Star Trek: Unspoken TruthStar Trek: Unspoken Truth by Margaret Wander Bonanno
My rating: 3 of 5 stars

After a long absence from the world of "Star Trek" novels, Margaret Wander Bonanno has come back with a vengeance in the past couple of years. Her return should be a cause for celebration and for the most part it is. Bonanno is one of the early set of "Trek" fiction writers who did more than just tell standard "Trek" stories but actually offered some character insight into the regular crew and some fairly rounded new characters to the "Trek" universe.

So when I heard she was going to write a story that would bridge the gap of the Saavik we last saw in "The Voyage Home" and the one we meet in the "Vulcan’s Heart" series, I hoped we were in for something special. Or at least something good.

And for the first half of "Unspoken Truth" we get something pretty good. Easily the best first half of a "Trek" novel I’ve read in a while, Bonanno explores the past and present of Saavik’s life, augmenting what we saw in "The Pandora Principle" and providing some insight into how the events of "Star Trek III" had a major impact on her life. The only major complaint I have early is the flashbacks sometimes take a paragraph or two to figure out what time period we’re dealing with.

Then we get to the second half of the novel and the story starts to fall apart. Part of it is that the story of Saavick joining a new ship and setting out to explore a "strange new world" feels fairly repetitive of a lot of other "Trek" fiction. We’ve got some mysterious aliens and Saavik is able to communicate with them. Nothing groundbreaking here nor does it necessarily have to be. I just wish it had felt like something a bit more substantial than what we get.
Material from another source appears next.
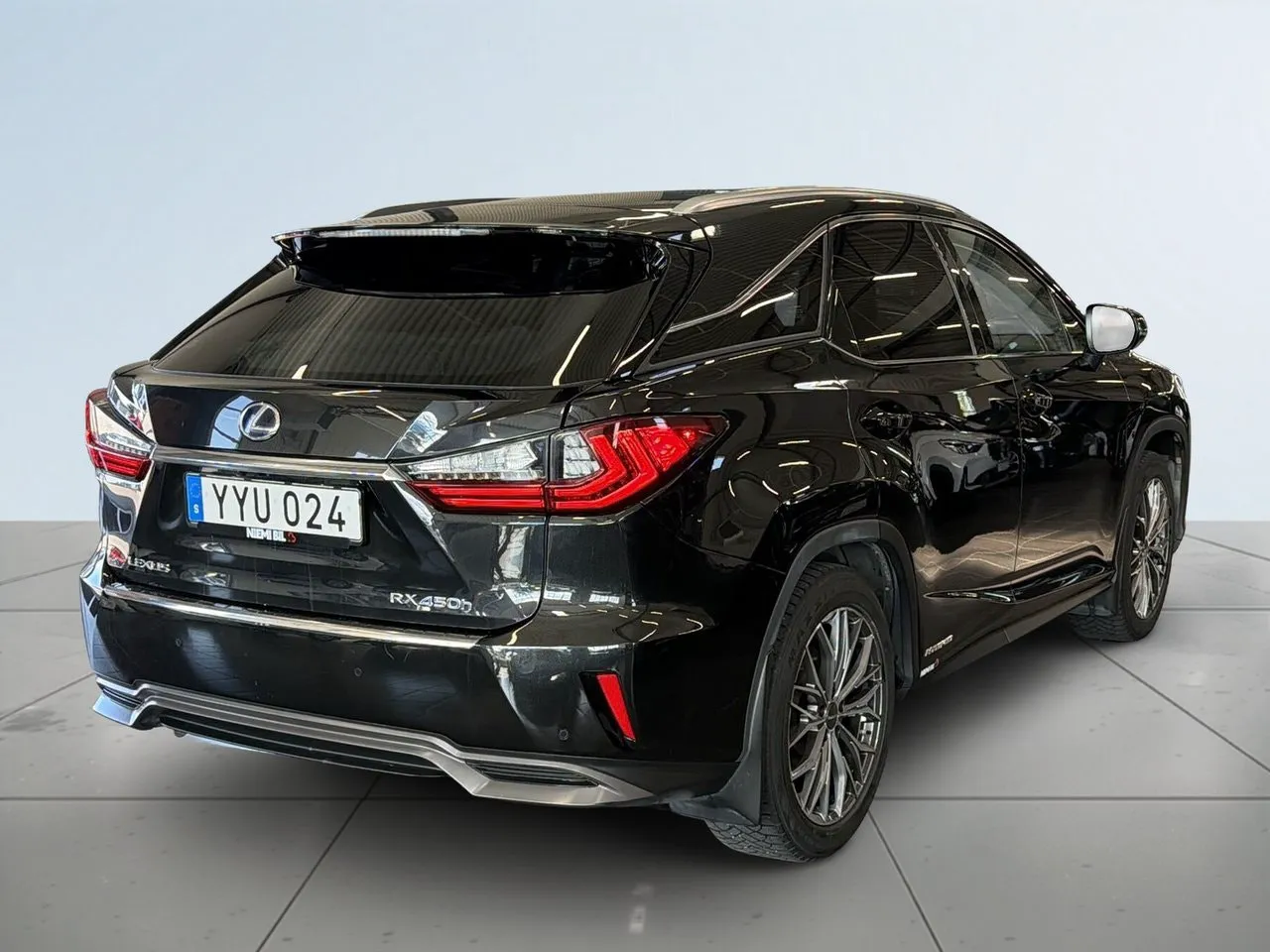 Vehicle image 5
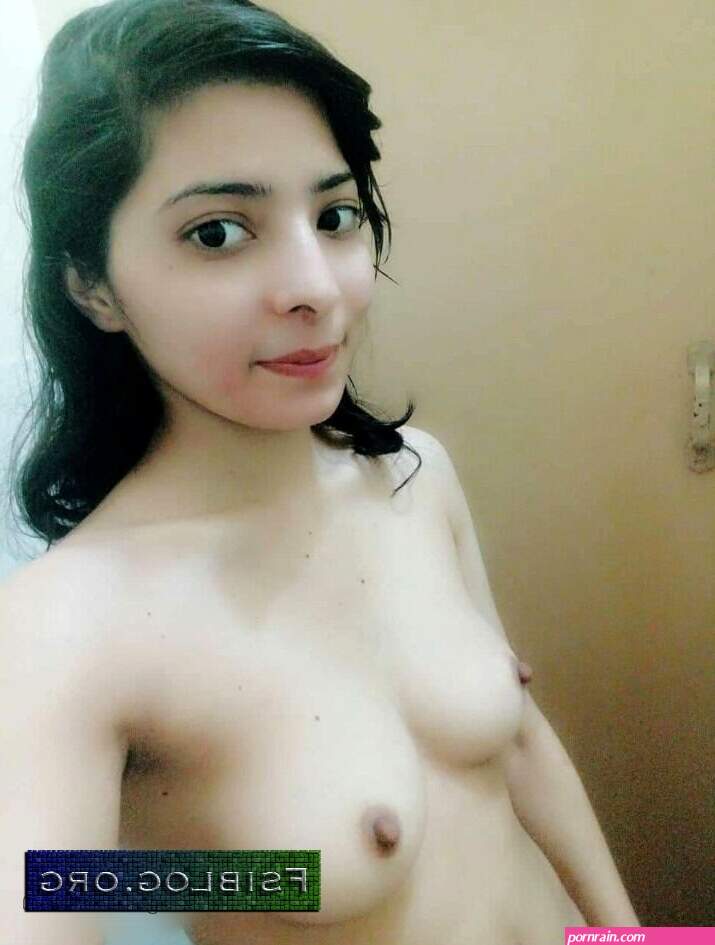 Sexy Indian girl small boobs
Where the story really falls apart is an attempted conspiracy/blackmail thread that never gels like it could or should. Again, it’s nothing new and it doesn’t offer any real insight into Savvik. It also hinges a lot on remembering details of "Pandora," a novel I read when it first came out and I’ve forgotten a lot of details about.

In the end, "Unspoken Truth" does a lot of things well, a few things not as well. Unfortunately, the not as well parts are in the last half and left me feeling unsatisfied as I turned the final page.